::: Data to examine :::

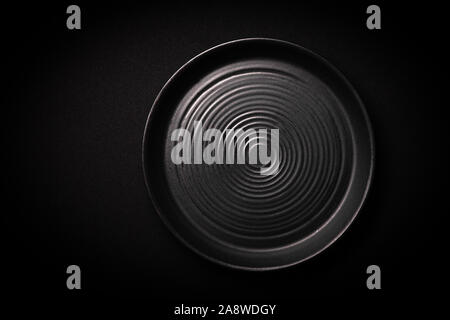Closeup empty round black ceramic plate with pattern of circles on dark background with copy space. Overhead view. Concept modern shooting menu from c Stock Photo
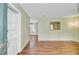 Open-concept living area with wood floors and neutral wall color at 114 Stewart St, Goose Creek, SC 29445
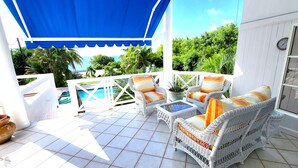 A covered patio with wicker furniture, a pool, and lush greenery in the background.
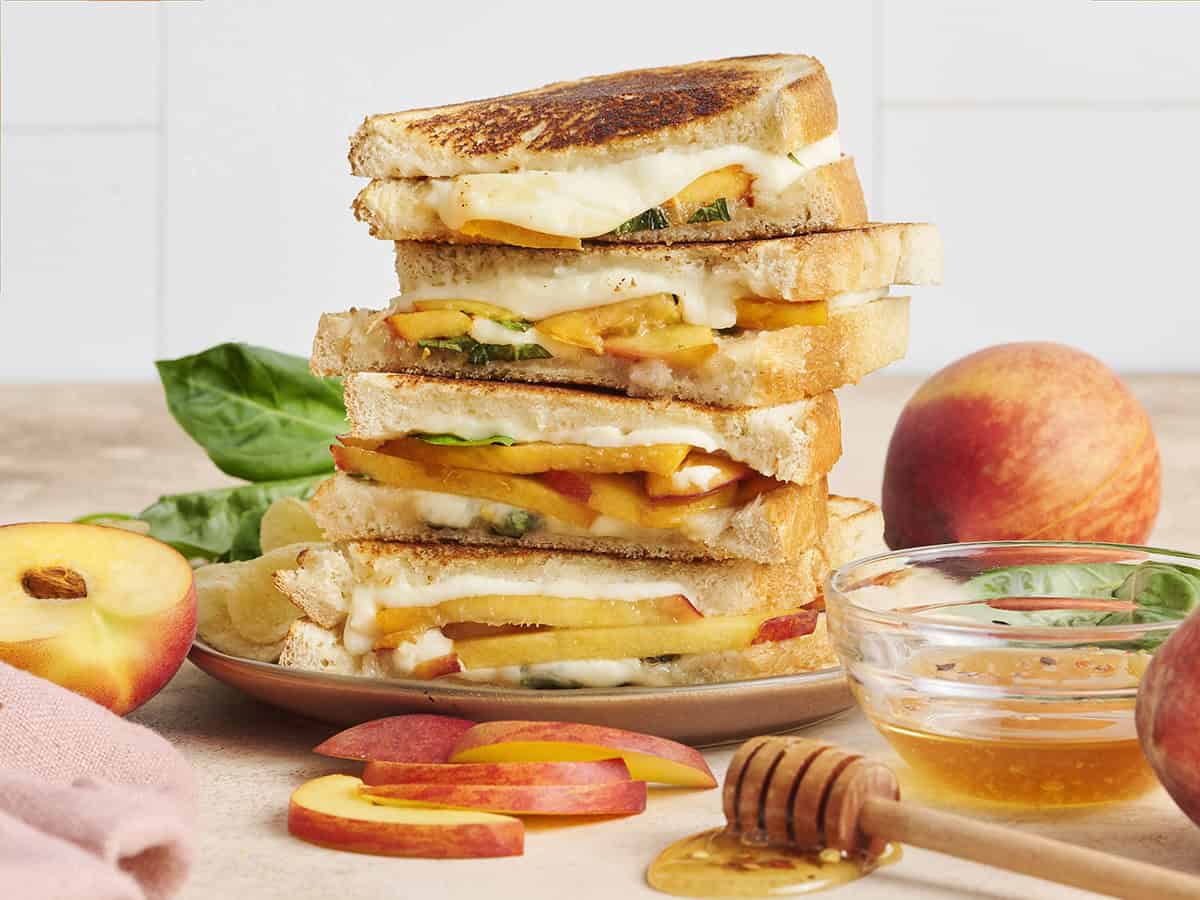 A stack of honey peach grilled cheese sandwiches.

:::
::: Data to examine :::

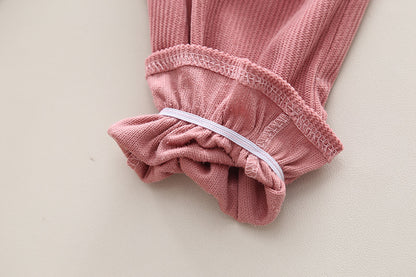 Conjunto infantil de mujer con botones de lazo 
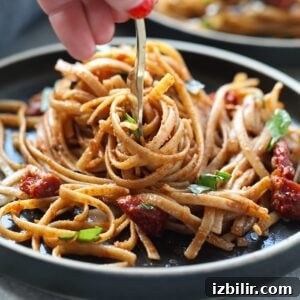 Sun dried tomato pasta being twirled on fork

:::

An exact copy of the lines above from the one with "Conjunto infantil de" up to and including the one with "Sun dried tomato pasta being twirled on fork" is required; reproduce only those lines, omitting all pictures.

## Answer area
 Conjunto infantil de mujer con botones de lazo 
 Sun dried tomato pasta being twirled on fork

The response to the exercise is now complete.